*Dataset excerpts*

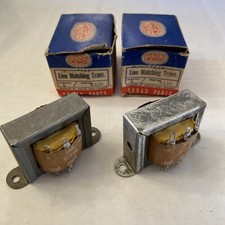 Vintage Olson Akrad T-110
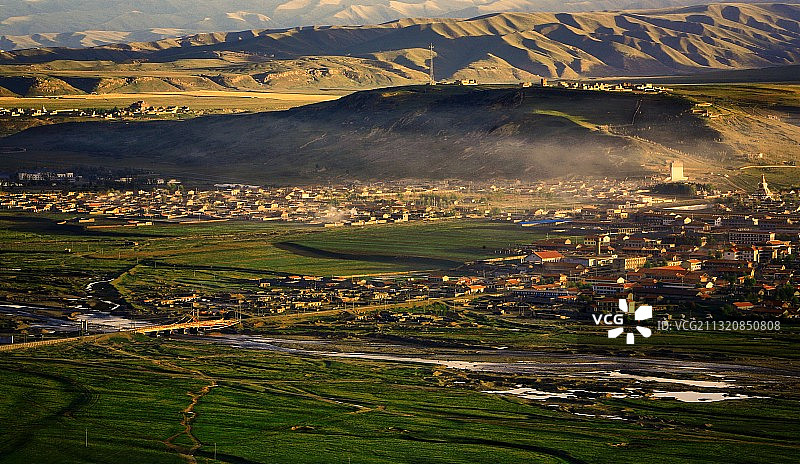 阿坝县图片素材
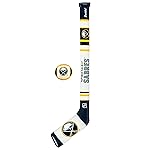 Buffalo Sabres Soft Sport Hockey Set
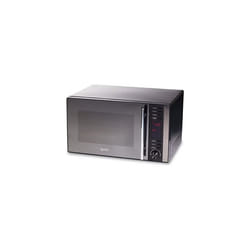 Igenix IG2590 Digital Combination Microwave with Grill and Convection, Black, A+ Energy Rating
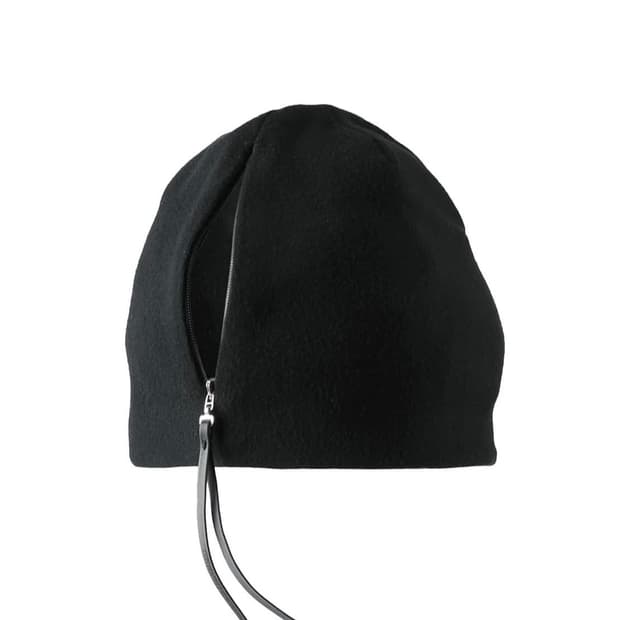 Paf 8.0 beanie center (os)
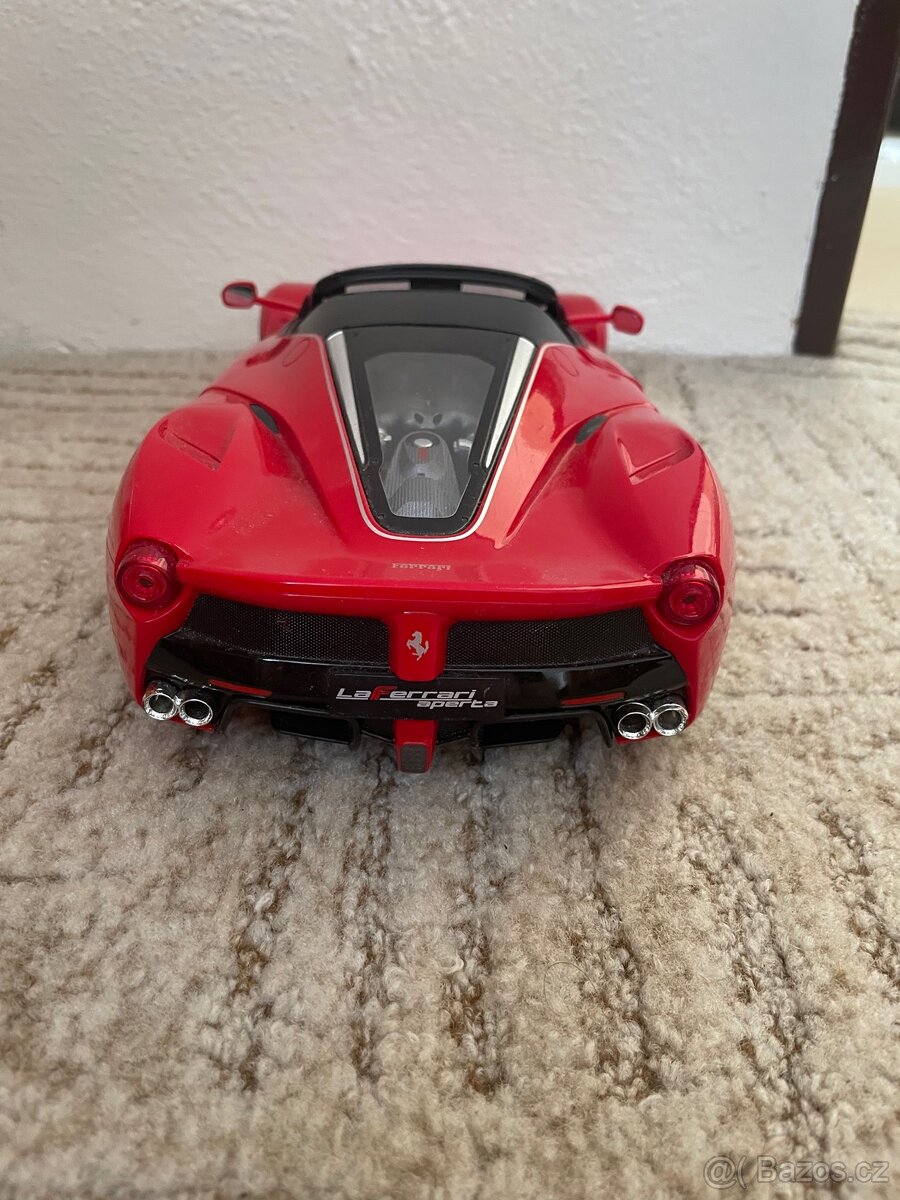 Rastar Ferrari LaFerrari Aperta RTR 1:14 - 5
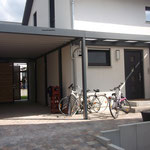 Carport Fam. Schäfer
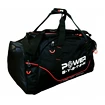 Sporttasche Power System  Gym Bag Sportovní Taška Magna Black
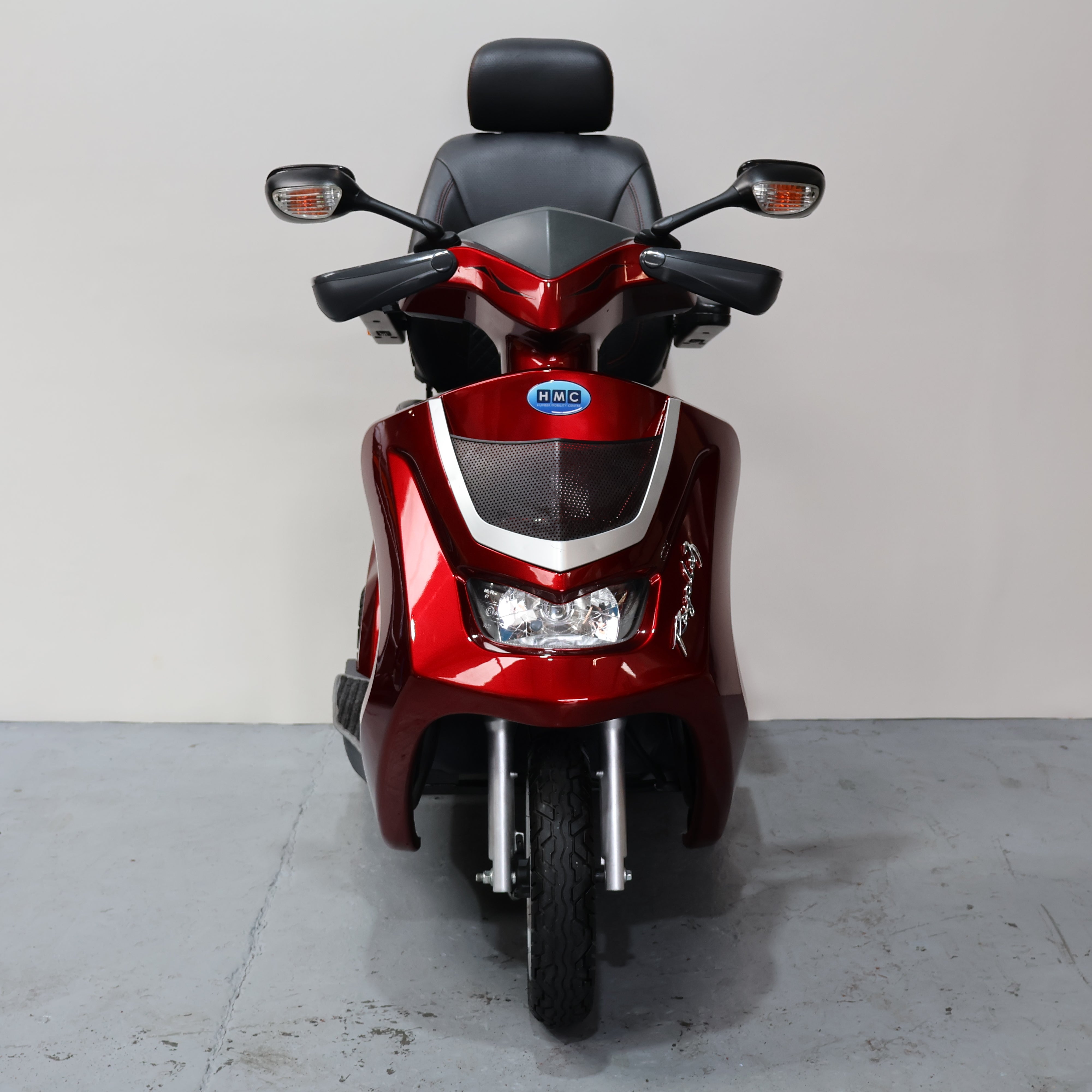 Drive Royale 3 Mobility Scooter 8mph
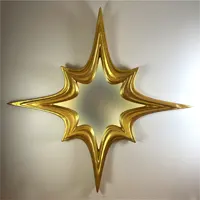 No. 3 Starburst<br>Gold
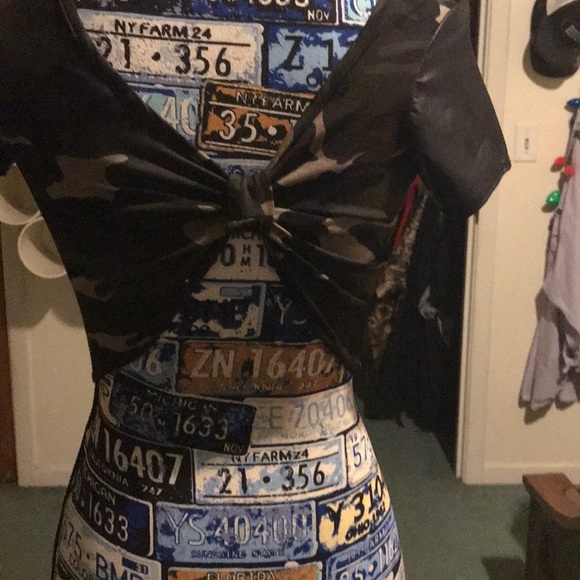 Short shirt - Picture 5 of 5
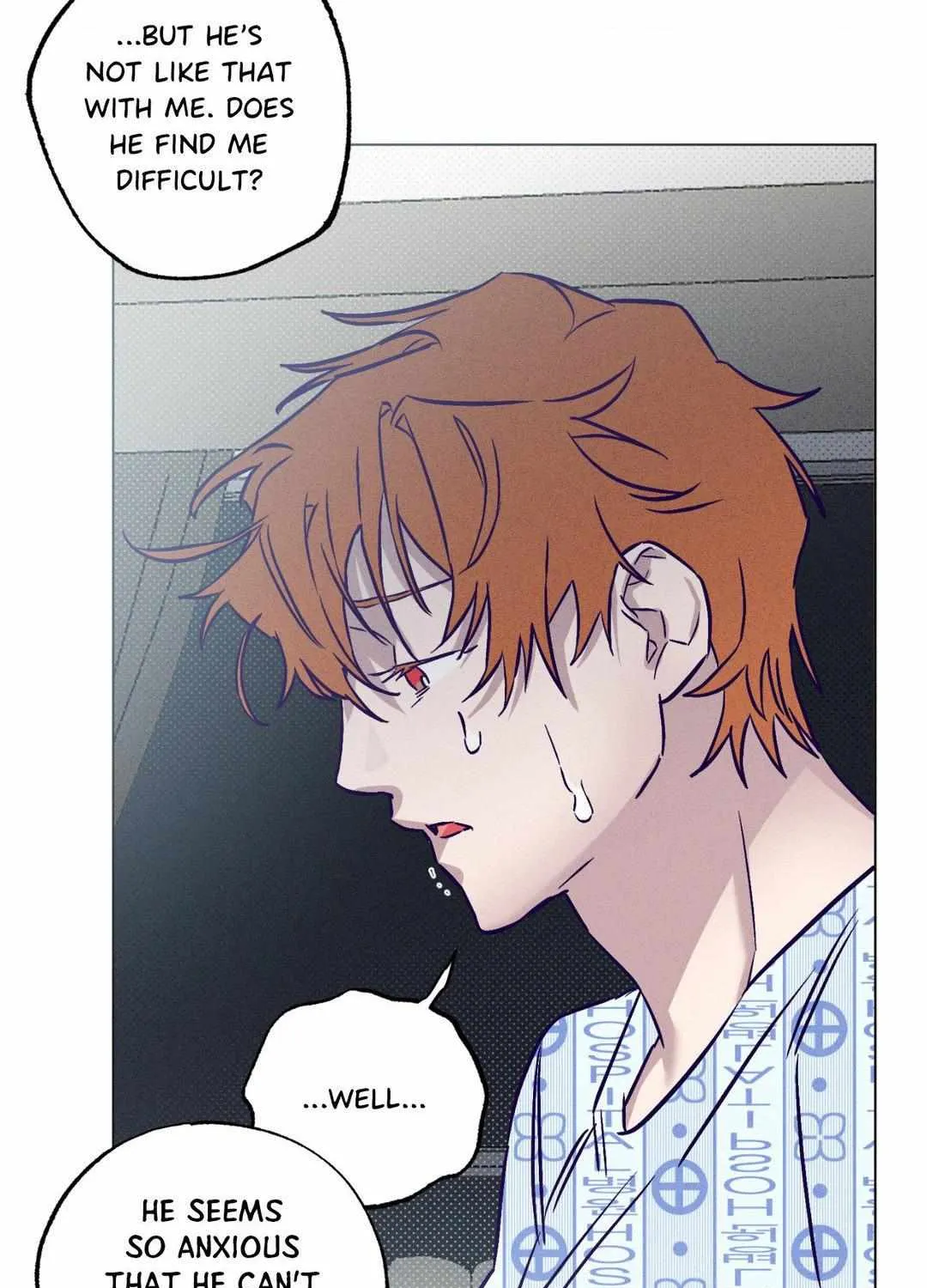 Prison Breakfast Chapter 23 page 101 - 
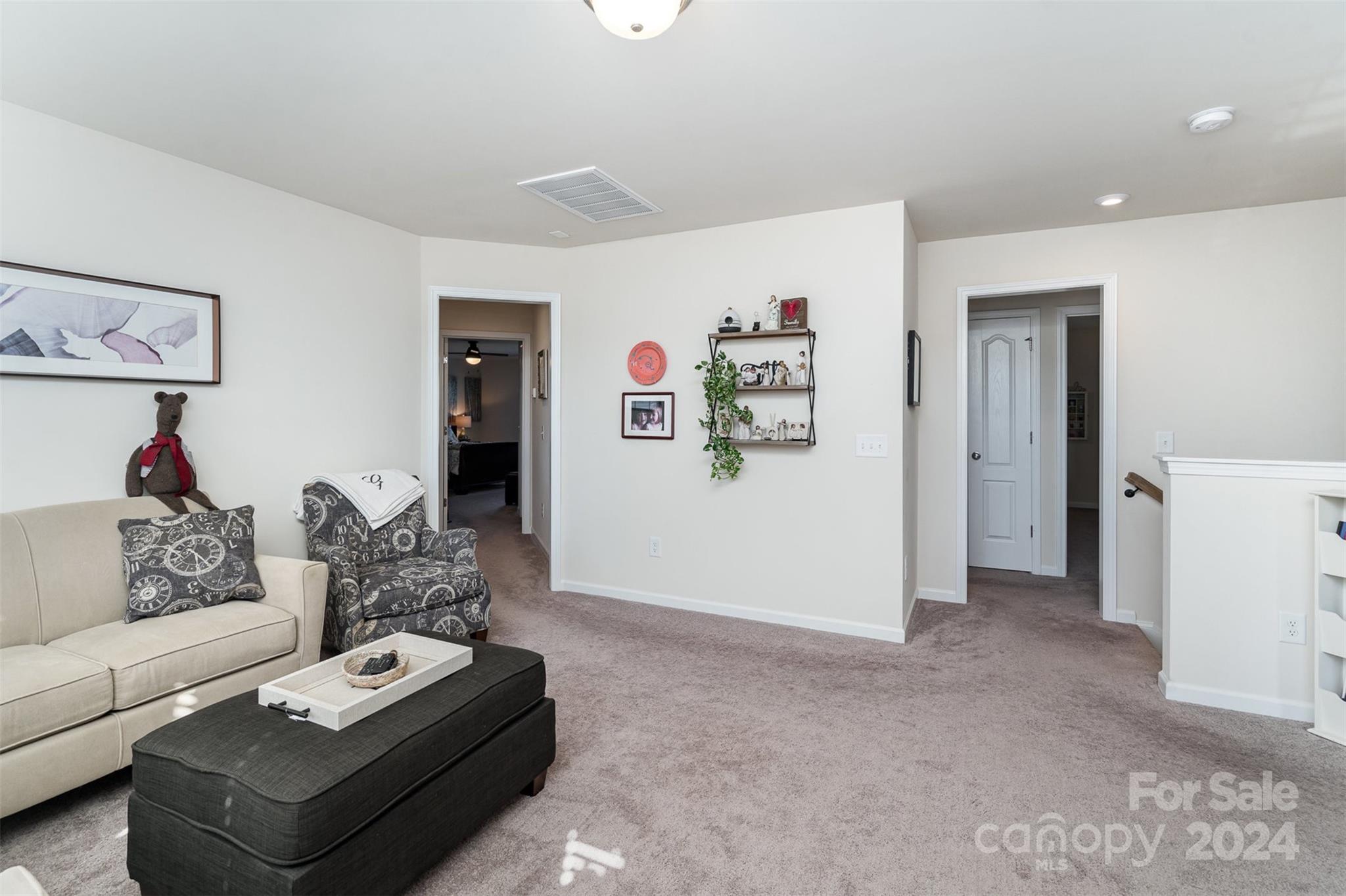 Queensbridge - Residential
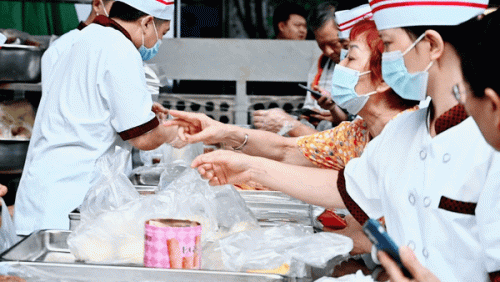 深圳十大难吃饭堂排行榜(十大难吃饭堂排名)插图4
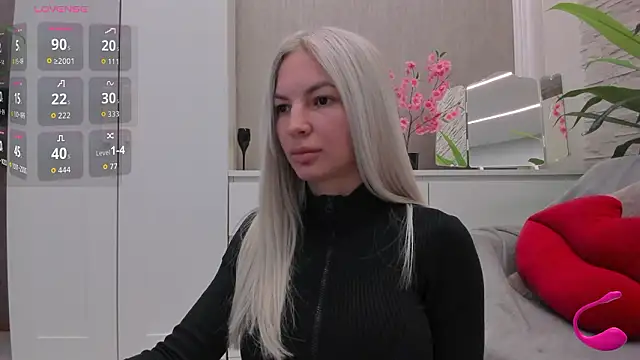 Jessy Jo online show from February 21, 2026, 8:05 am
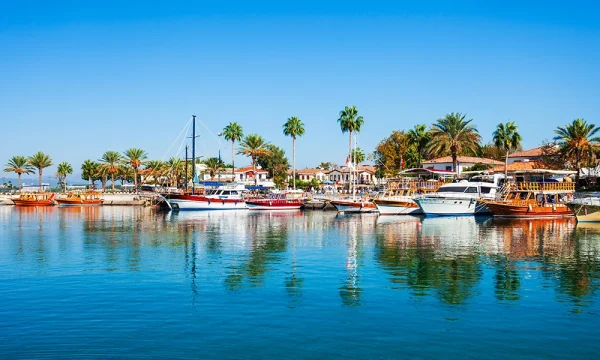 Best Places to Visit in Side (2026)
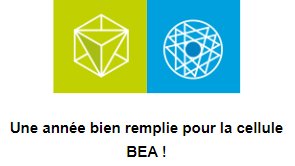BEA@ctu : la lettre d'information sur les espaces d'apprentissage à ne pas manquer ! 
 
➡️ La BEA@ctu #7 de Juin 2023 est en ligne  

💡 Abonnez-vous pour ne pas manquer les prochaines : bea.edu.ac-lyon.fr/wordpress/sabo…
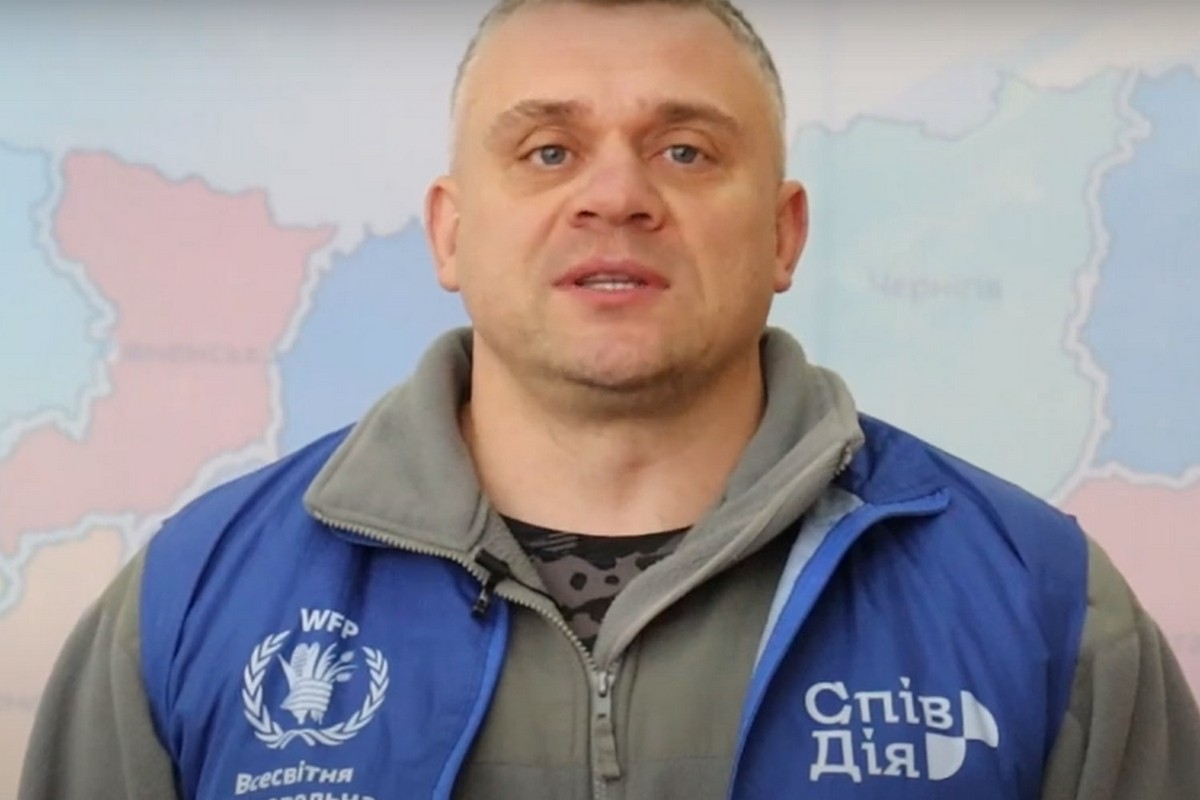 Грошова допомога від ВПП ООН у Марганці: коли відбудеться верифікація 1 Грошова допомога від ВПП ООН у Марганці: коли відбудеться верифікація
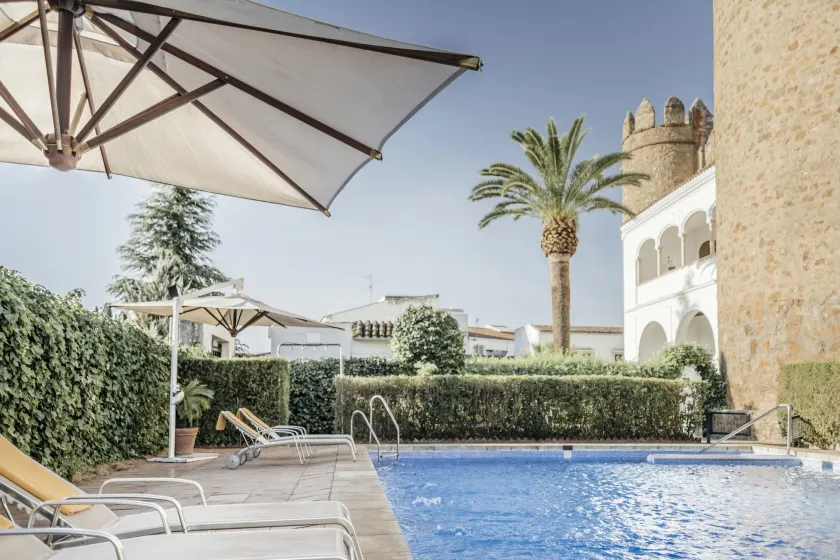 Parador de Zafra - Image 1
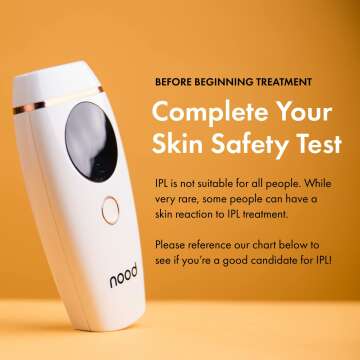 Pain-free Hair Removal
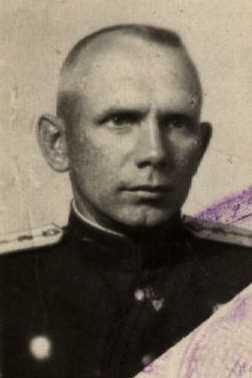 Березин Дмитрий Сергеевич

*WORK REQUEST*
In the data above, find the line with "Jessy Jo online" and repeat it and every line after it through the end, exactly; leave the pictures out.

*ANSWER*
 Jessy Jo online show from February 21, 2026, 8:05 am
 Best Places to Visit in Side (2026)
BEA@ctu : la lettre d'information sur les espaces d'apprentissage à ne pas manquer ! 
 
➡️ La BEA@ctu #7 de Juin 2023 est en ligne  

💡 Abonnez-vous pour ne pas manquer les prochaines : bea.edu.ac-lyon.fr/wordpress/sabo…
 Грошова допомога від ВПП ООН у Марганці: коли відбудеться верифікація 1 Грошова допомога від ВПП ООН у Марганці: коли відбудеться верифікація
 Parador de Zafra - Image 1
 Pain-free Hair Removal
 Березин Дмитрий Сергеевич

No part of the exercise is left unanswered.